Sunday 2 October 2022

Pigeon killing at the Round Pond

A Lesser Black-Backed Gull had killed a Feral Pigeon at the Round Pond and was eating it. A young one, probably its offspring, begged for a share. Surprisingly, the adult let it have a go, and even a Magpie wasn't chased away immediately. I think this may be the Lesser Black-Back with pale legs that I have seen hunting in Hyde Park at the Triangle car park.

The original pigeon killer was resting in his usual place on the Dell restaurant roof ...

... while a couple of Carrion Crows finished off the last scraps of his breakfast.

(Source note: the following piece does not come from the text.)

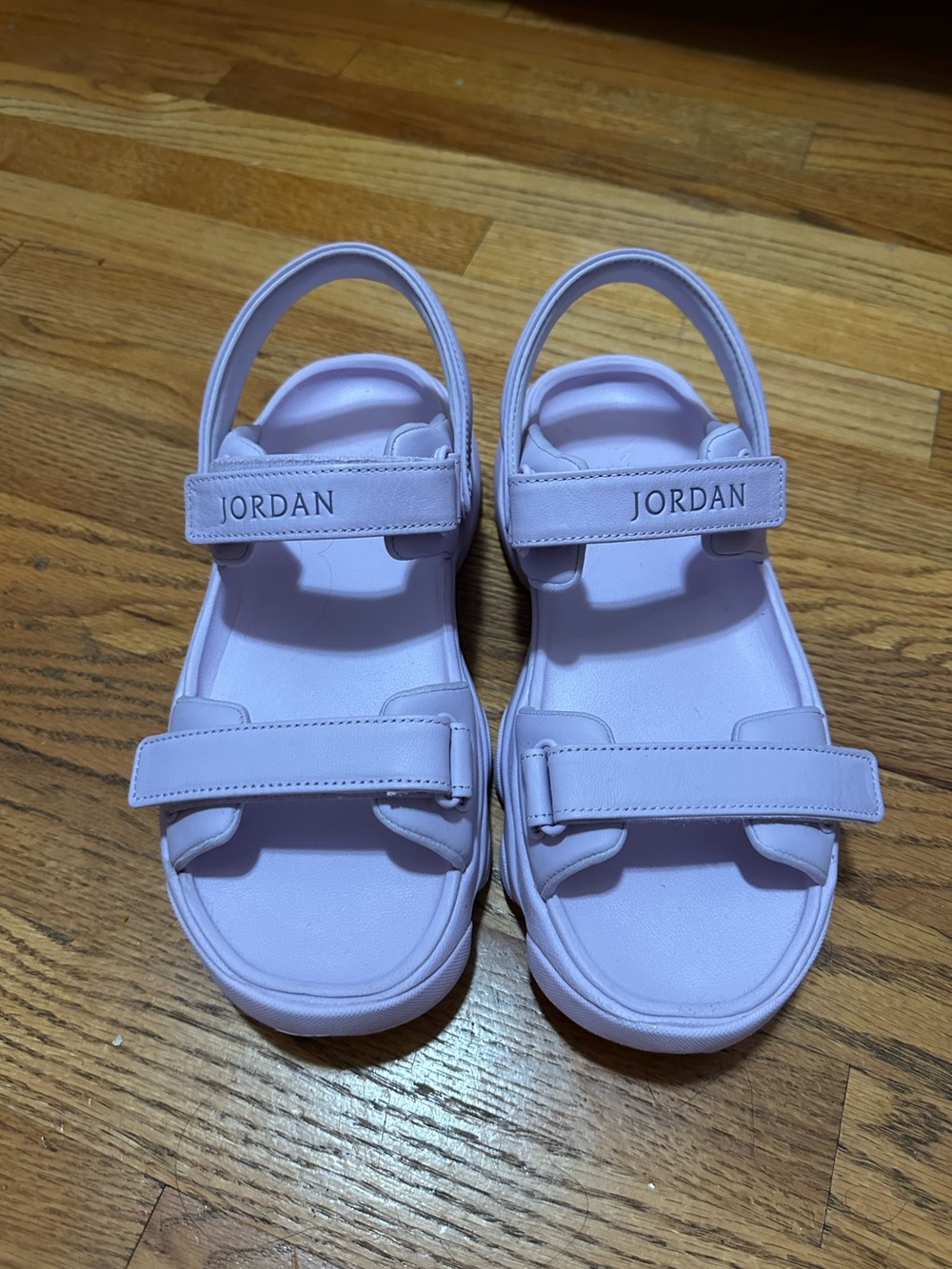 NWOT Nike Women’s Jordan Deja Lilac Chunky Sandals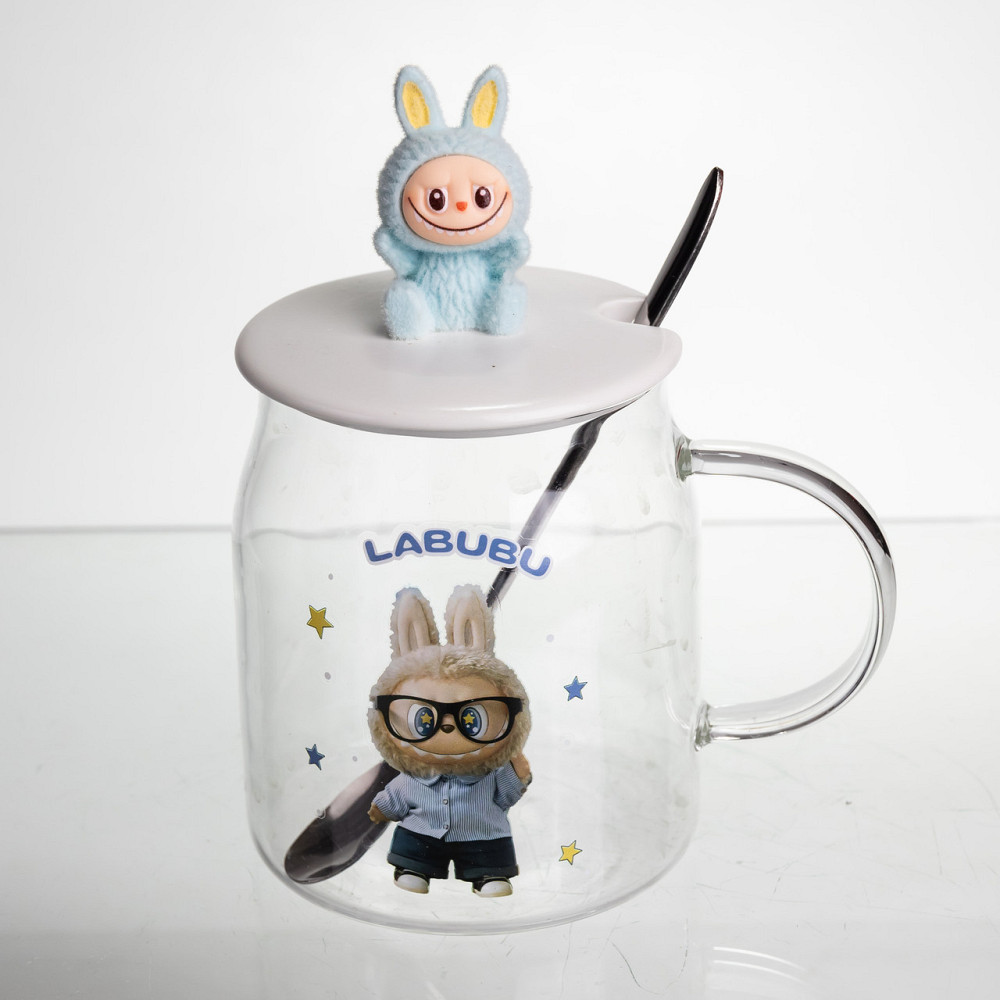 Yiwu Новорічна велика скляна чашка "Лабубу" з кришкою та ложкою 600 мл, Святкова кружка чашка д Коломия - фото 2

I reckon that between them several Lesser Black-Backed Gulls, one Herring Gull, and the resident pairs of Peregrines and Sparrowhawks must kill and eat at least 500 pigeons a year. It makes no difference to the population of pigeons, which is simply topped up from outside the park.

It took three visits to the Round Pond before the young Little Owl would appear out of the dead tree.

At the second visit an adult male called but I couldn't find it. Also a Great Spotted Woodpecker could be heard and seen in a nearby tree.

There was no sign of an owl at the Speke obelisk, but while I was looking for it a Jay arrived ...

... with a load of acorns ...

... and buried them at the foot of a tree.

A Magpie shone prettily in the afternoon sunshine.

A Grey Wagtail flew from the Serpentine to the edge of the Dell pool.

A Robin came out on a twig beside the Henry Moore sculpture.

The Coal Tit in the Flower Walk waited to be fed.

The Little Grebe could be seen at a distance on the Long Water.

A Cormorant perched on the edge of a pool in the Italian Garden, ignoring the Sunday visitors.

The cross old male Mute Swan has now definitely paired up with his new mate. They washed and preened together under the fountain.

The swan family that has invaded the Long Water are now firmly established on the gravel bank. Only four of the teenagers were here; the fifth was with a parent on the other side of the bridge.

A Migrant Hawker dragonfly perched on the railings at the back of the Lido.


  1. It is amazing how many pigeons must be predated in the park with no effect on their numbers, though pretty fecund birds.

    Some lovely portraits here of the Jays, Grey Wagtail & others.

    Enjoying what will be near the last of the dragonfly shots. Maybe another month left of Migrant Hawkers & Common Darters. Still seeing Willow Emeralds in various places. did you catch up with one in the park?

    1. No, I never saw a Willow Emerald in the park. Nor did anyone else as far as I know. Odd, after two very good years for them.

    2. So the one by myself with David Element must have been the sole record. They can be elusive at times!

    3. Yes. I checked those plants for days afterwards and never found another. I also checked the path along the east side of the Long Water where there had been plenty last year.

  2. Well, very happy that the old curmudgeon found love in the end.

    In the first video someone is calling the pigeon-eater "sinvergüenza", "shameless".

    1. Thanks for that splendid detail. I heard the Spanish and was wondering what it was about.

    2. Re-watching it, the tone of voice makes "Sinvergüenza" edge into "what a bastard" rather than "how shameless" territory.